§ Supplied material:
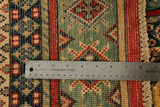 22711 - Kazak Hand-Knotted/Handmade Afghan Tribal/Nomadic Authentic/Size: 9'5" x 2'8"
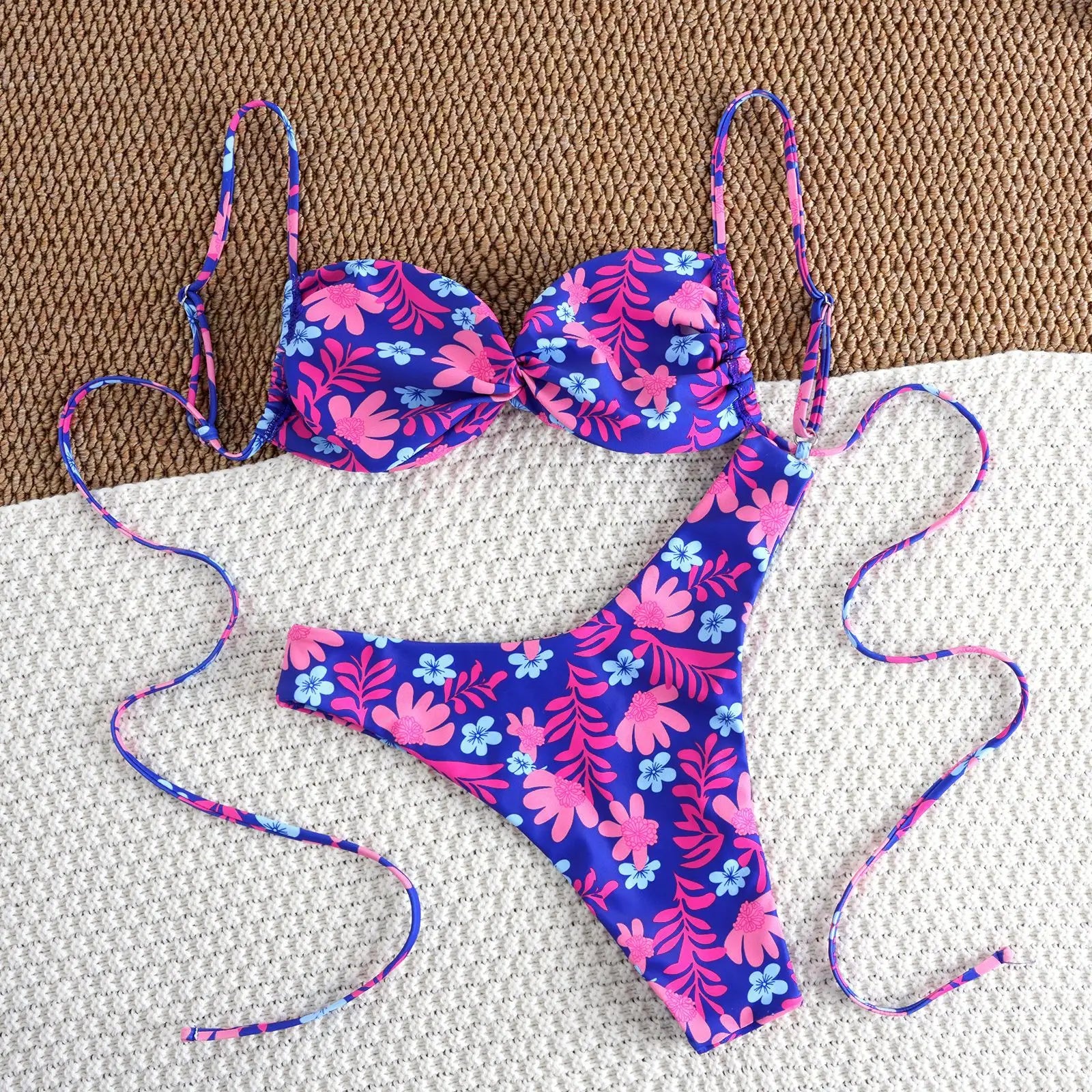 Purple Floral Print Micro Bikini Cross Pleate Push Up Thong Swimsuit Beach Bathing Suit Biquini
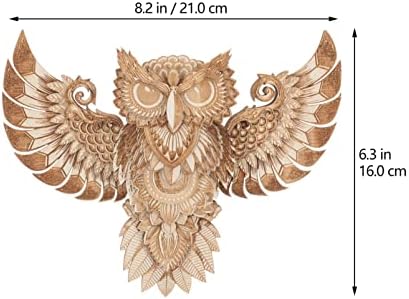 Jojofuny Wool Sow Zidni dekor ručni rezbareni drva Owl Decor Rustic Owl Statua Zidna ploča Viseći kućni dekor Accent Art Unični dekoracija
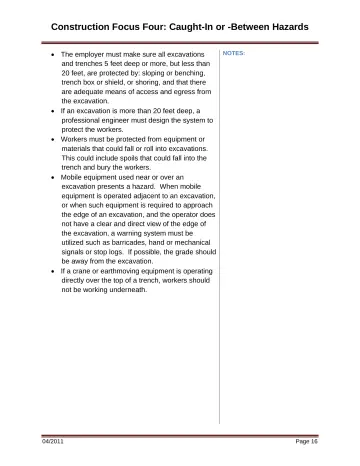 Page 22: Construction Focus Four: Caught-In or -Between Hazards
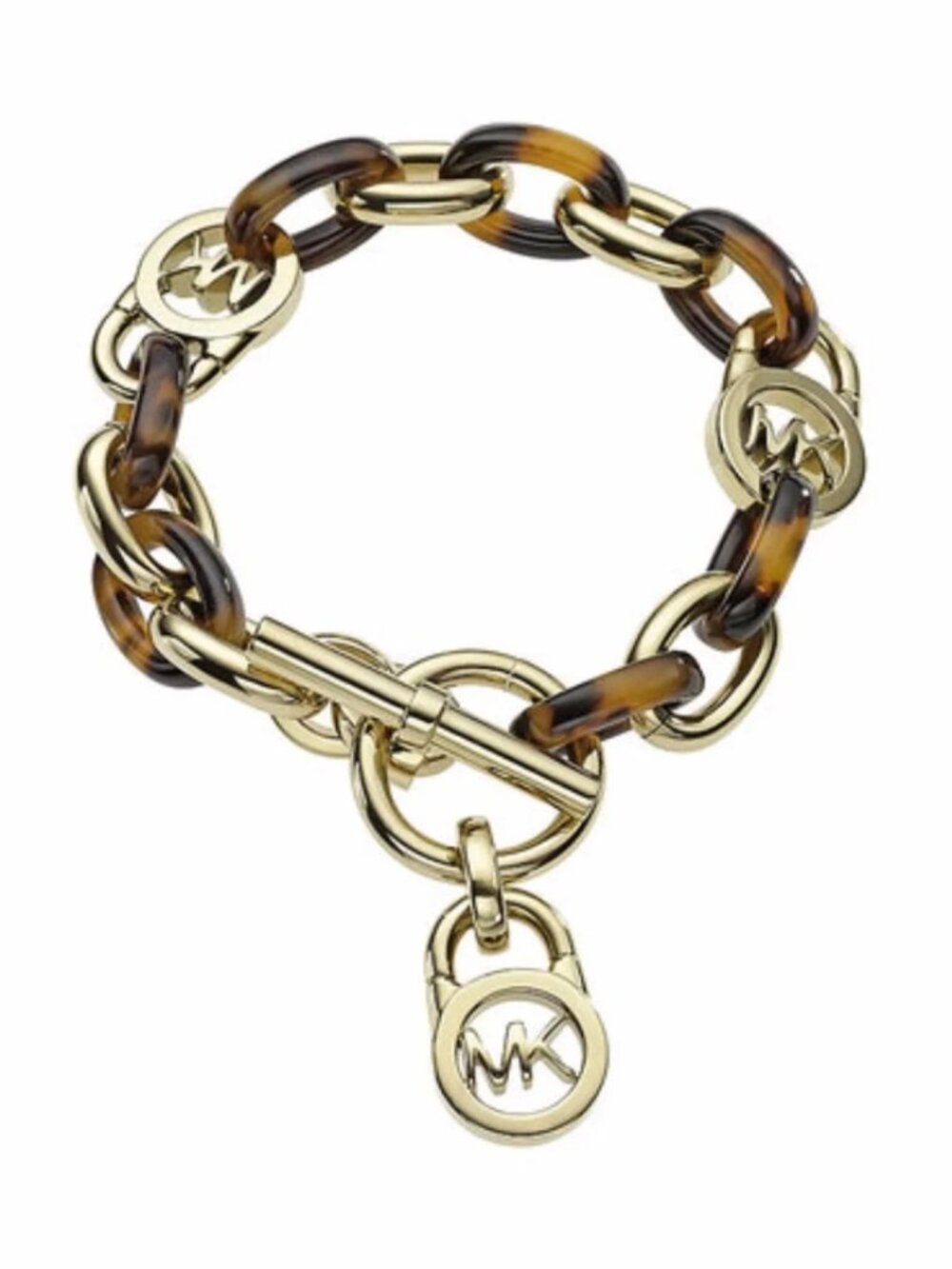 Michael Kors Link Bracelet with Tortoise Shell and Gold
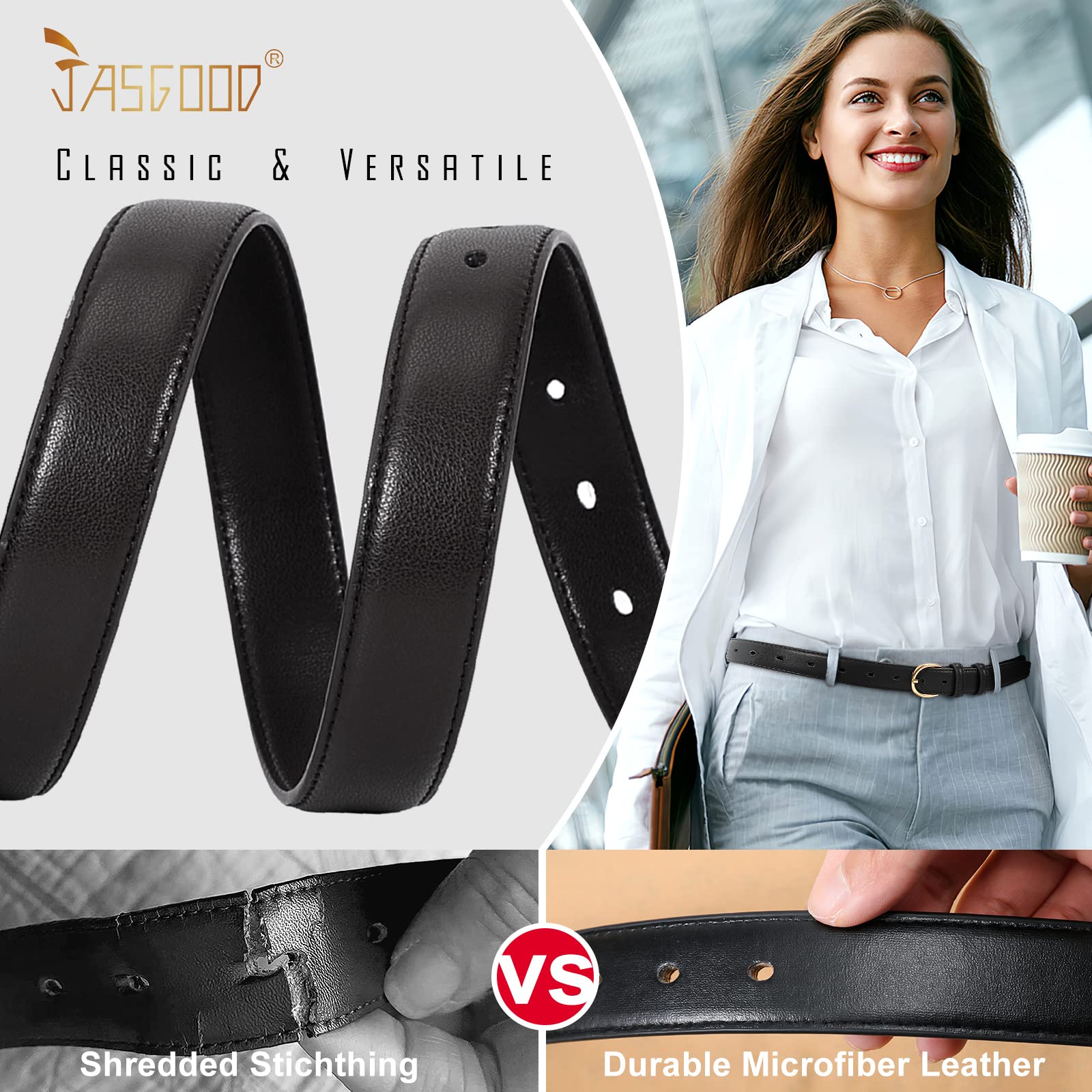JASGOOD Women Leather Belt Fashion Dress Belt with Gold Buckle for Ladies Jeans Pants
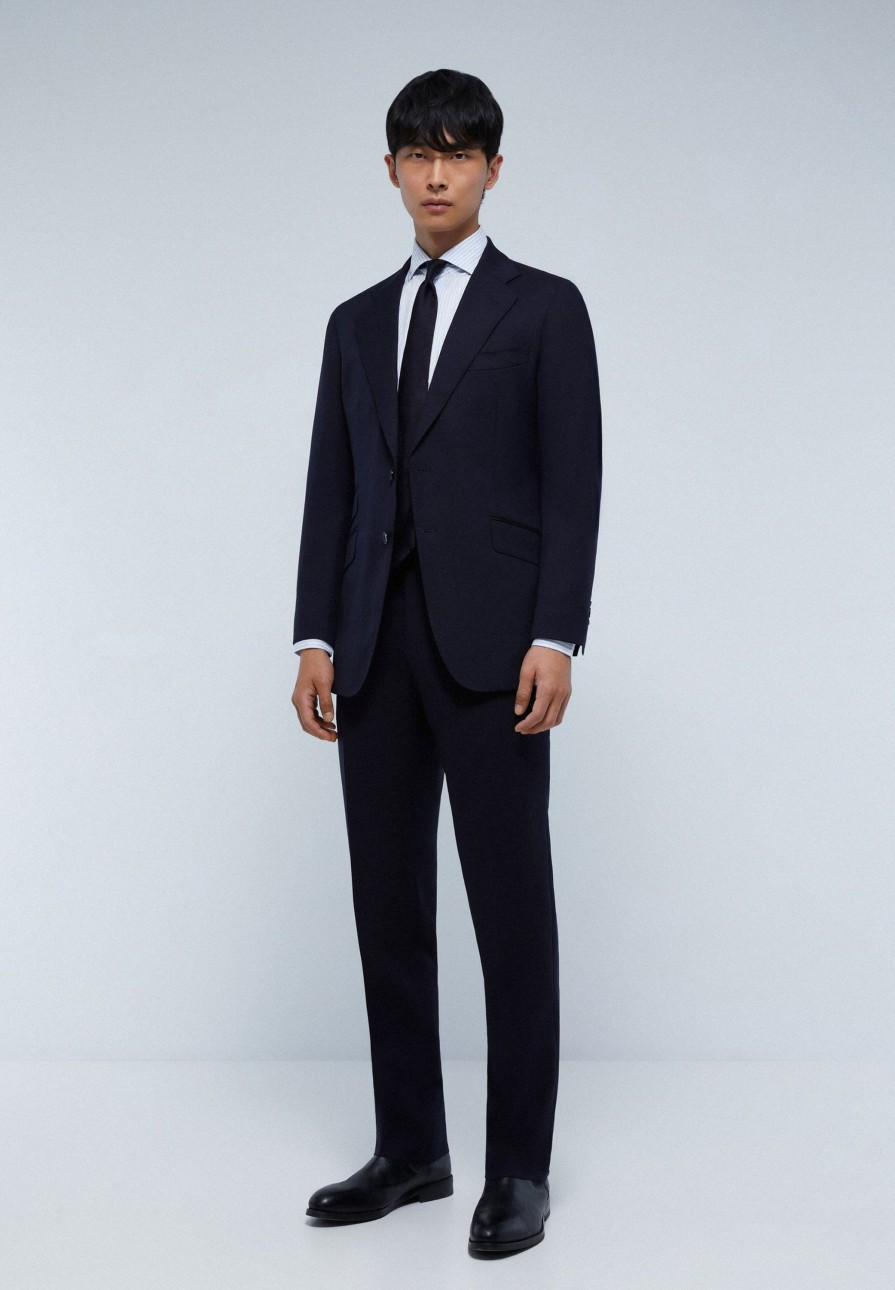 Hot scalperscompany Navy Blue Wool Suit Navy Spike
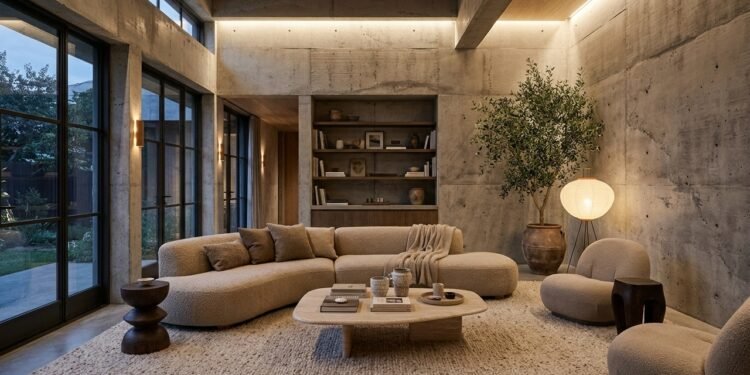 Adeus ambientes engessados: o novo estilo brutalista suave que combina concreto aparente com curvas orgânicas e tecidos macios na decoração
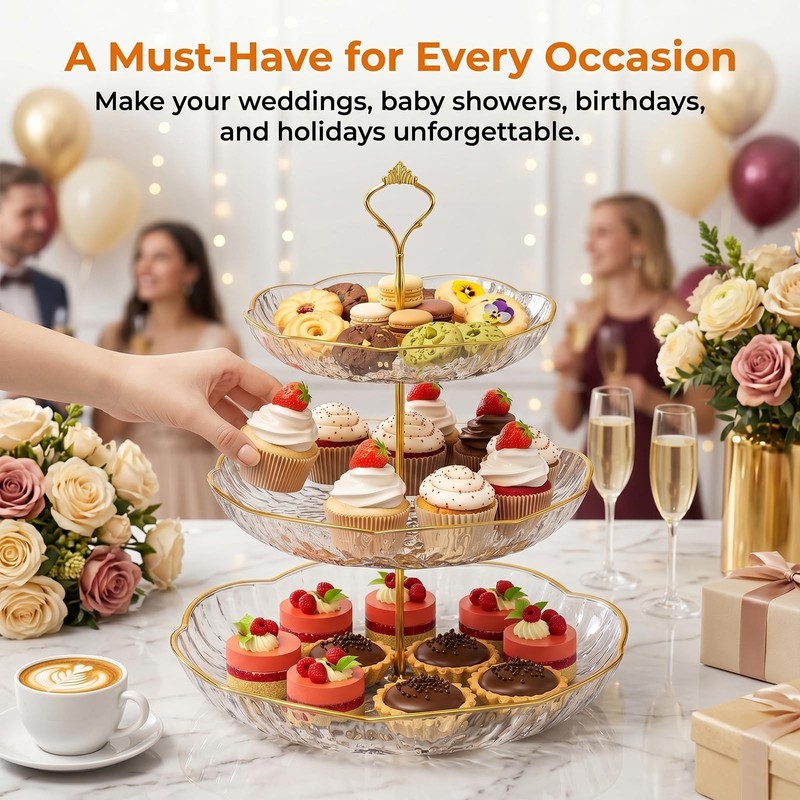 3 Tier Cupcake Stand,Fruit Basket and Cake Stand,Light Luxury Acrylic 3 Tier ... gallery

§ Problem details: The records above should be written out exactly, and the images dropped.

§ Task response:
 22711 - Kazak Hand-Knotted/Handmade Afghan Tribal/Nomadic Authentic/Size: 9'5" x 2'8"
 Purple Floral Print Micro Bikini Cross Pleate Push Up Thong Swimsuit Beach Bathing Suit Biquini
 Jojofuny Wool Sow Zidni dekor ručni rezbareni drva Owl Decor Rustic Owl Statua Zidna ploča Viseći kućni dekor Accent Art Unični dekoracija
 Page 22: Construction Focus Four: Caught-In or -Between Hazards
 Michael Kors Link Bracelet with Tortoise Shell and Gold
JASGOOD Women Leather Belt Fashion Dress Belt with Gold Buckle for Ladies Jeans Pants
 Hot scalperscompany Navy Blue Wool Suit Navy Spike
 Adeus ambientes engessados: o novo estilo brutalista suave que combina concreto aparente com curvas orgânicas e tecidos macios na decoração
 3 Tier Cupcake Stand,Fruit Basket and Cake Stand,Light Luxury Acrylic 3 Tier ... gallery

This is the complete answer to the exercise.